Portal: Companion Collection – Nintendo Switch is the perfect partner for Valve's classics

The Portal games are genuine classics – brilliant, inventive first-person puzzle games that combine an inventive gameplay mechanic, mind-bending designs and witty storytelling to create a truly special experience. However, the fact is that these games have essentially been absent from the console space since their original releases in 2007 and 2011 respectively. Aside from enhanced backwards compatibility support on Xbox, we’ve seen nothing new from either game since the PlayStation 3/Xbox 360 era. The good news is that this changed spectacularly last week with the release of Portal: The Companion Collection.

This new double-pack from Valve and Nvidia Lightspeed Studios combines Portal 1 and Portal 2 along with bonus gameplay content at an attractive £13.49/$19.99. Both games run on the landmark Source engine, most famous for powering 2004’s Half-Life 2, so obviously, we’re not looking at state-of-the-art technology here. However, brilliance in game and art design make both titles a great match for Nintendo’s hybrid console and it’s been fantastic to revisit these games, which turn out to be a perfect fit for the platform.

Before we go into platform differences, it’s worth discussing the basic graphical makeup of both titles and the huge artistic and technical improvements made between the two games. Portal is essentially a series of basic puzzle rooms. The puzzles are interesting enough but the environments are simple, with rudimentary flat-textured walls, angular geometry and a heavy reliance on baked lighting and shadows. The game has an austere look with repetitive, straightforward artwork. Given the constraints of the project – developed by a team of about 10 people – these limitations make sense.
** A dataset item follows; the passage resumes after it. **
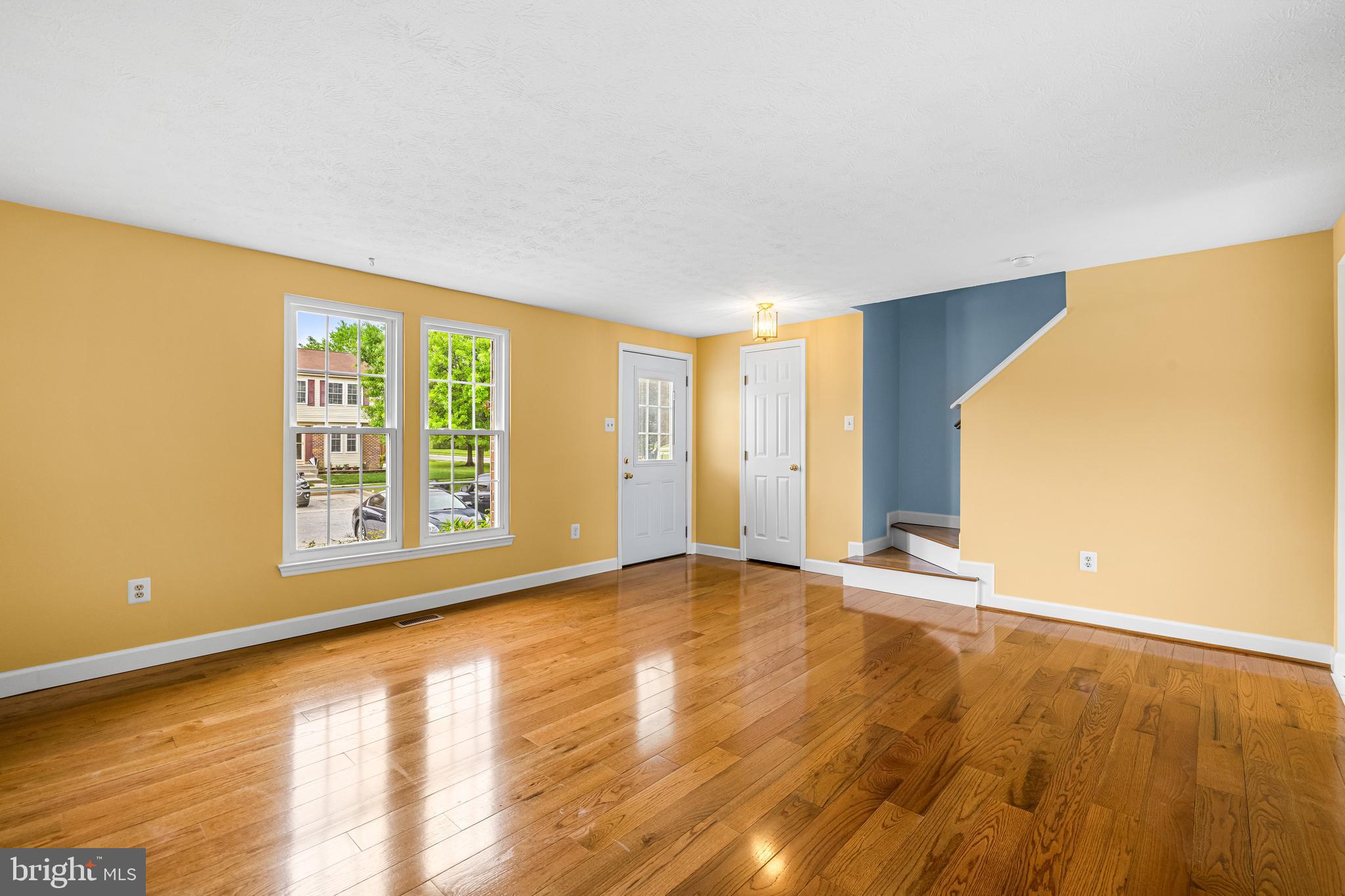 3790 Timahoe Circle Baltimore, MD 21236 - Photo 7 of 33 a view of an empty room with wooden floor and a window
Unfortunately, the Source engine and tools at the time were incapable of delivering the sort of subtle detail that a smaller-scale game demands. Portal mostly lacks normal-mapping, has little in the way of specular lighting, and has no environmental shadow maps, techniques common in other games from the period. The artistic constraints of a game like Portal might make this effort more challenging but there were certainly accomplished depictions of small-scale spaces in earlier titles, like 2004’s Doom 3, for example. In this case, it’s the design of the game that shines through to this day – but the sequel improves matters in all regards.